MILAN (Reuters) - Italy’s new decree on renewable energy, part of the European Union’s efforts to fight climate change, will revise production incentives to help cut Italian power bills, Industry Minister Paolo Romani said on Wednesday.
The prospect of scrapping incentives, especially in Italy’s booming photovoltaic sector, which has attracted investors from around the world ranging from utilities to private equity funds, has stirred industry concerns about future investment.
“We are working on a decree to redraw the incentive system for production of energy from renewable sources which will allow our country to reach EU targets and, at the same time, bring bills in line with other major European countries,” Romani said.

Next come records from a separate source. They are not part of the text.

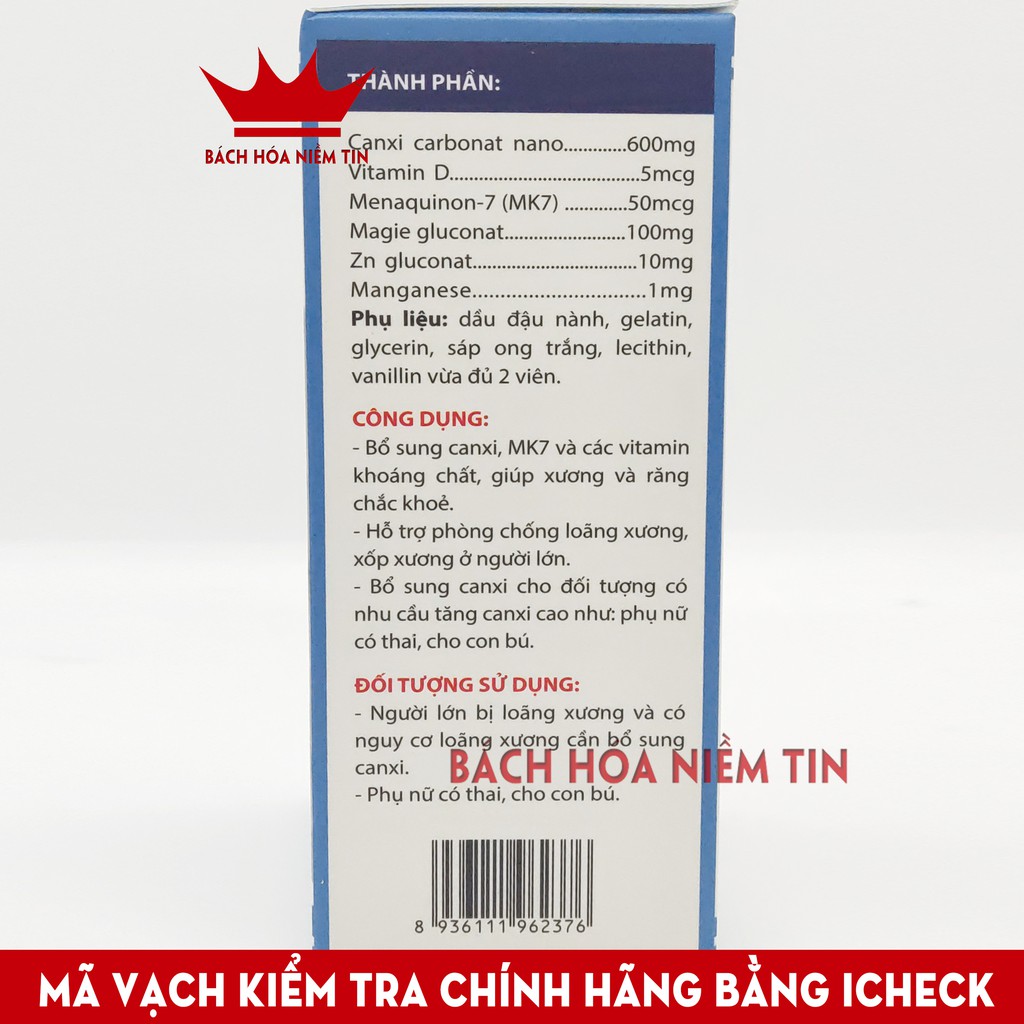 Viên uống Canxi Nano MK7 phát triển hệ xương, chắc khỏe xương và răng, giảm loãng xương, tăng chiều cao - Hộp 30 viên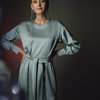 Атласное платье мятного цвета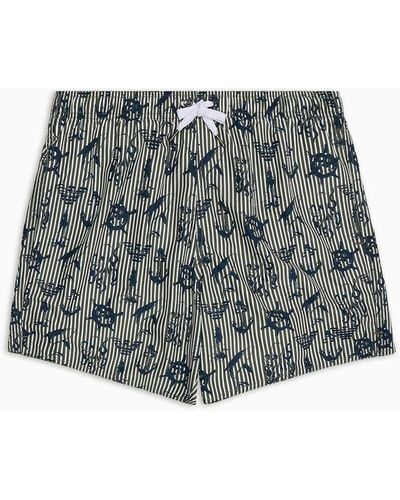 Emporio Armani Asv Recycled-fabric All-over Print Swim Shorts - Grey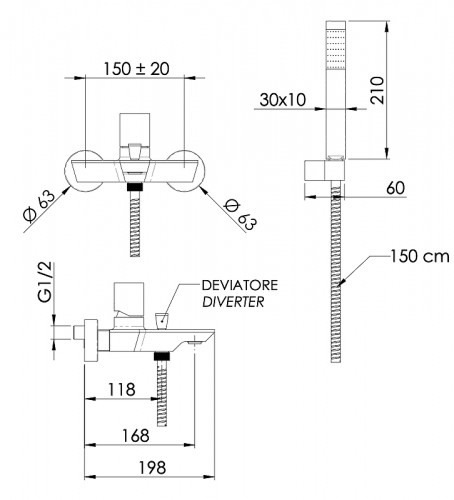Смеситель для ванны Remer Edge EG502NO цвет Черный матовый
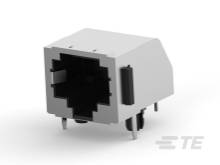 Silberner RJ45-Buchsenanschluss für Netzwerkverbindungen, mit mehreren Steckplätzen an der Unterseite zur Montage auf Leiterplatten.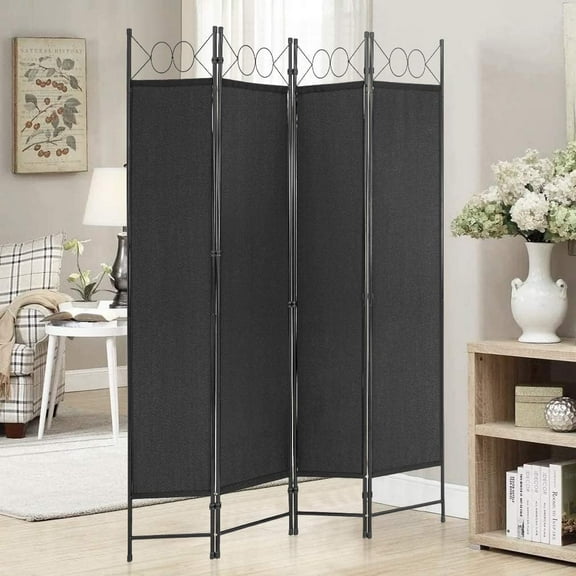 FDW 4 Panel Room Divider 6 ft Steel for Home Office Bedroom, Black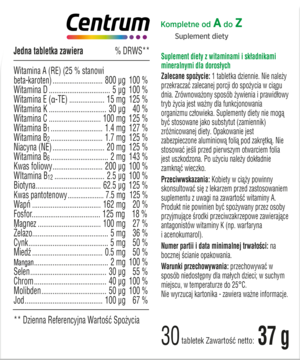 Centrum suplement diety dla dorosłych, białe opakowanie, przód z tabelą składników i instrukcjami po polsku.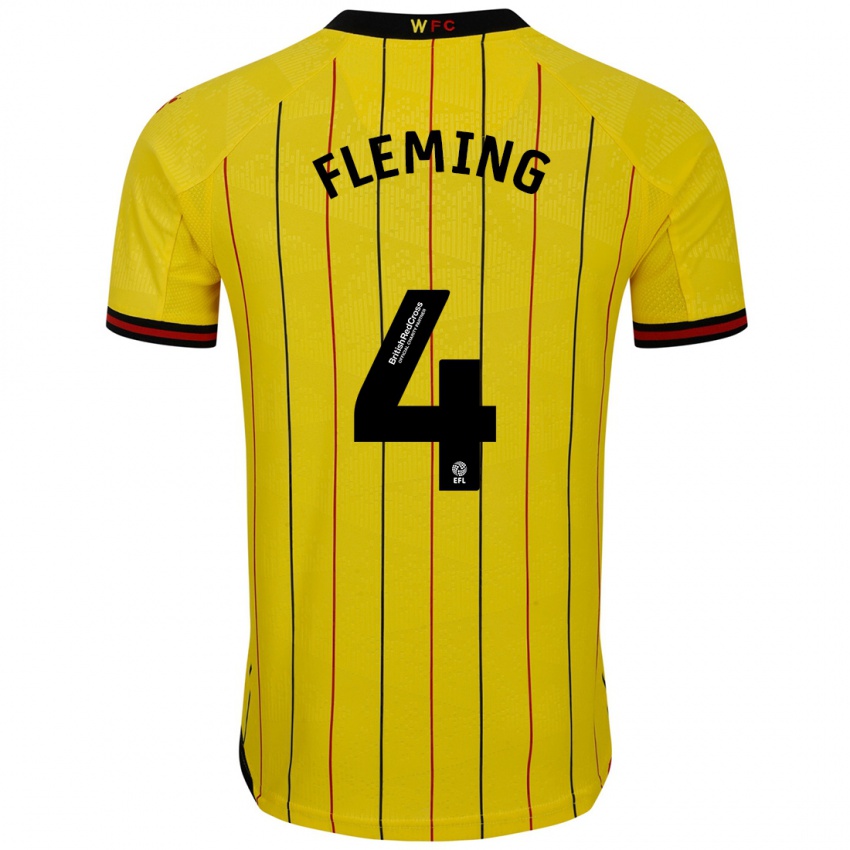 Kinder Charlotte Fleming #4 Gelb Schwarz Heimtrikot Trikot 2024/25 T-Shirt Österreich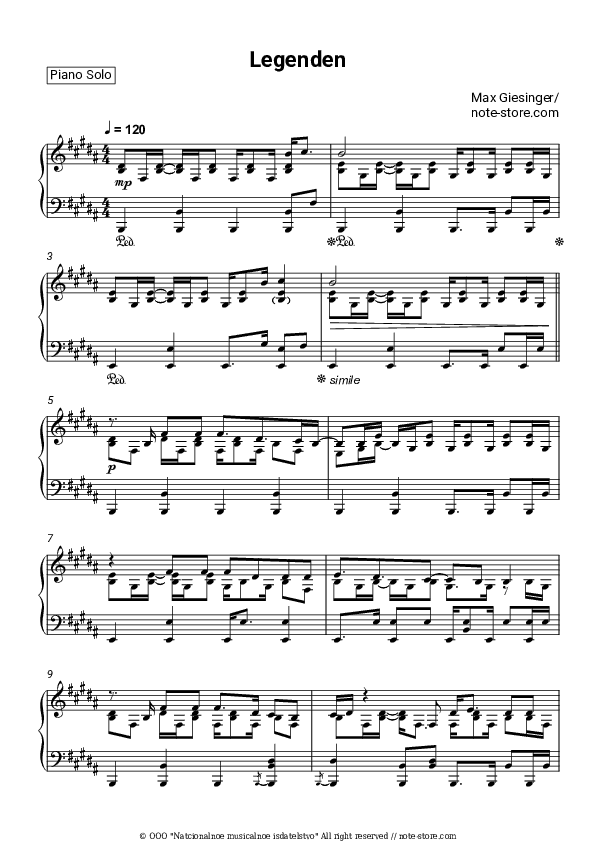 Legenden - Max Giesinger Piano Sheet Music - Piano.Solo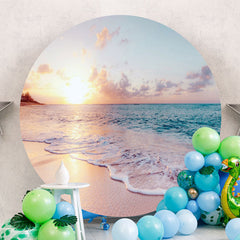 Aperturee - Sunset Beach Summer Hawaii Party Round Backdrop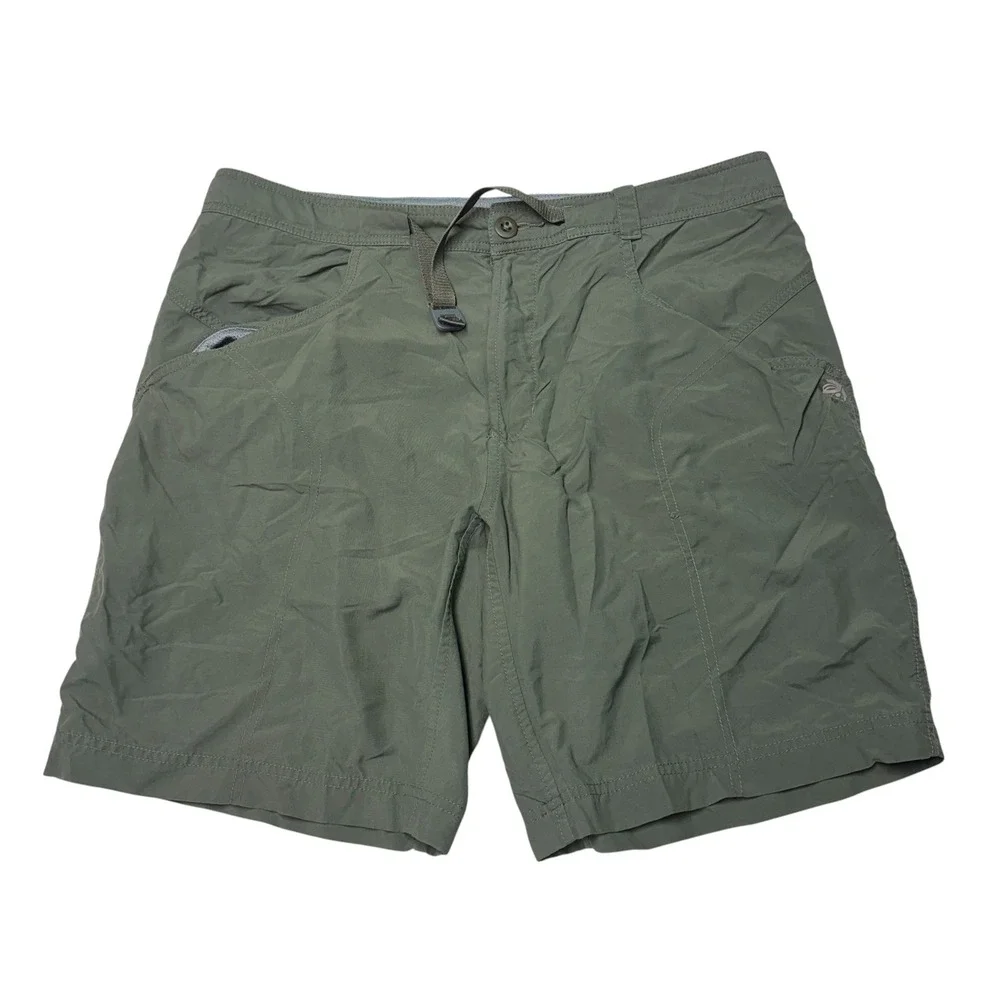 Mountain Hardwear Canyon Shorts Mens 34 Green Hiking Outdoor Belted Nylon UPF 50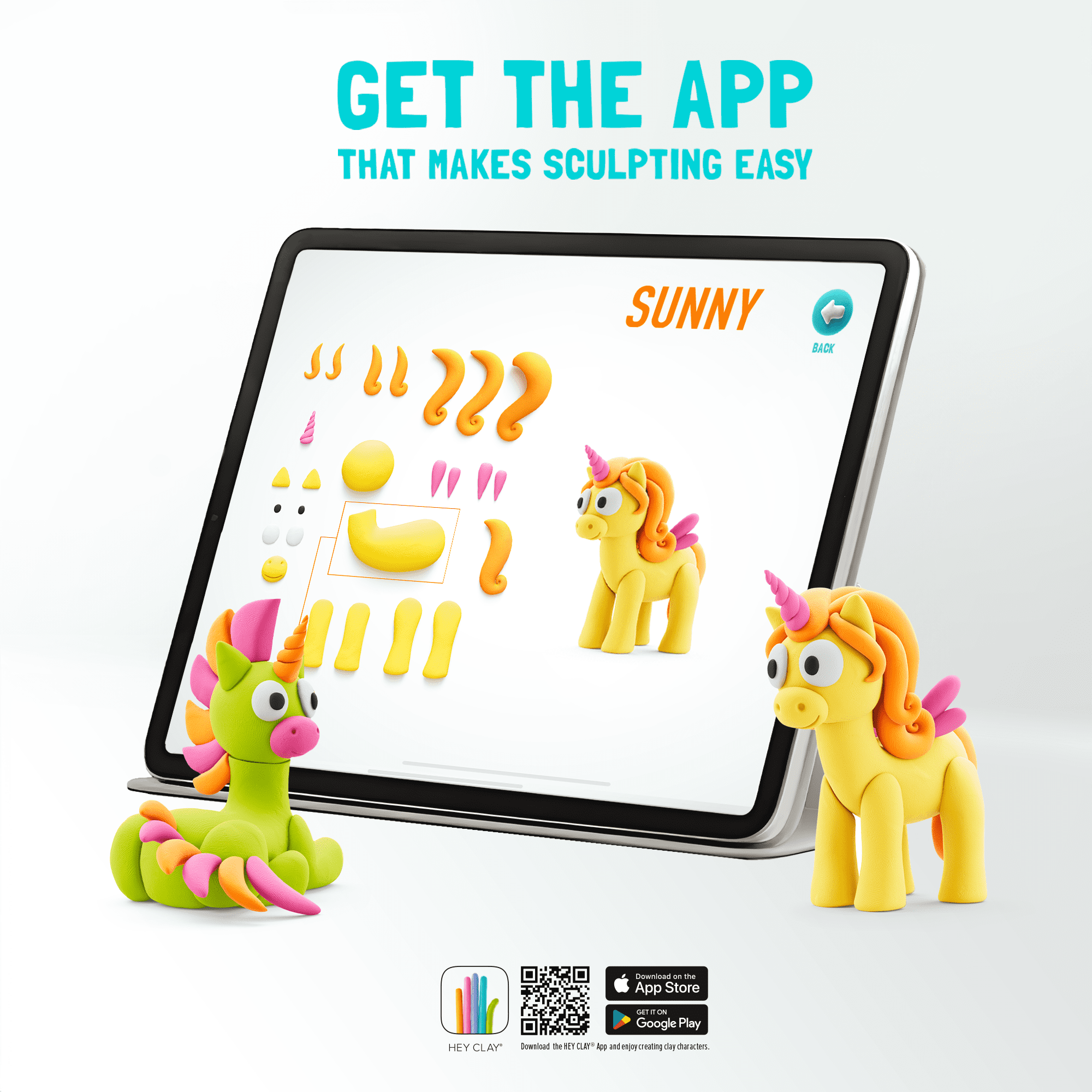 Hey Clay Rainbow Unicorns, Air Dry Clay Kit with Interactive App for Kids & Tweens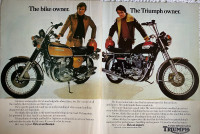 1973 Triumph Trident Vs Honda 750 Sandcast  XLarge Original Ad 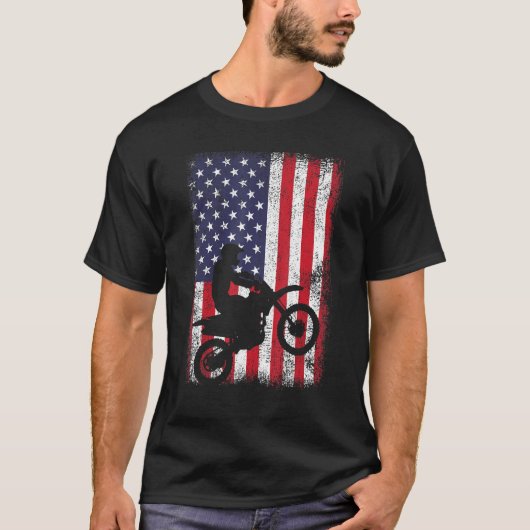 Dirt Bike Usa Flag Costume Motocross Amerikaanse v T-shirt (Voorkant)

The incentives reform will guarantee industrial investments and employment levels without putting an additional burden on consumers, Romani said in a statement. He did not give details on how the incentives will be revised.
Italy’s industry, environment and agricultural ministers met to discuss the draft bill at a meeting late on Wednesday and make some adjustments to take into account interests of the renewable energy industry.
The revision will not include an 8,000 megawatts cap on solar power production incentives, news agency ANSA reported after the meeting. It did not cite sources.
Investors and industry players had feared such a cap could have slowed down the growth of Italy’s photovoltaic sector.
The government is due to decide on the renewable energy decree -- which adopts the EU 2020 targets on the national level -- on Thursday, Romani said.
In a television interview on Wednesday, Romani said solar power production incentives would cost Italians 35 billion euros ($48.60 billion) over 10 years.
A drastic reduction of incentives, including an expected retrospective cut in support to wind power generation, would not be acceptable, said Marco Bentivogli, in charge of environment and energy issues at metal workers union FIM Cisl.
Italy’s solar market has boomed since 2007 when production incentives, among the most generous in Europe, were launched.
It has attracted the world’s biggest PV module makers, such as China’s Suntech Power Holdings Co, Trina, Yilgli Green Energy and U.S. firm First Solar.
Under the new decree, Italy is also expected to put some limits on the use of farmland.
Analysts said such limits could slow down the growth of solar market in Italy and hit revenues of PV module makers.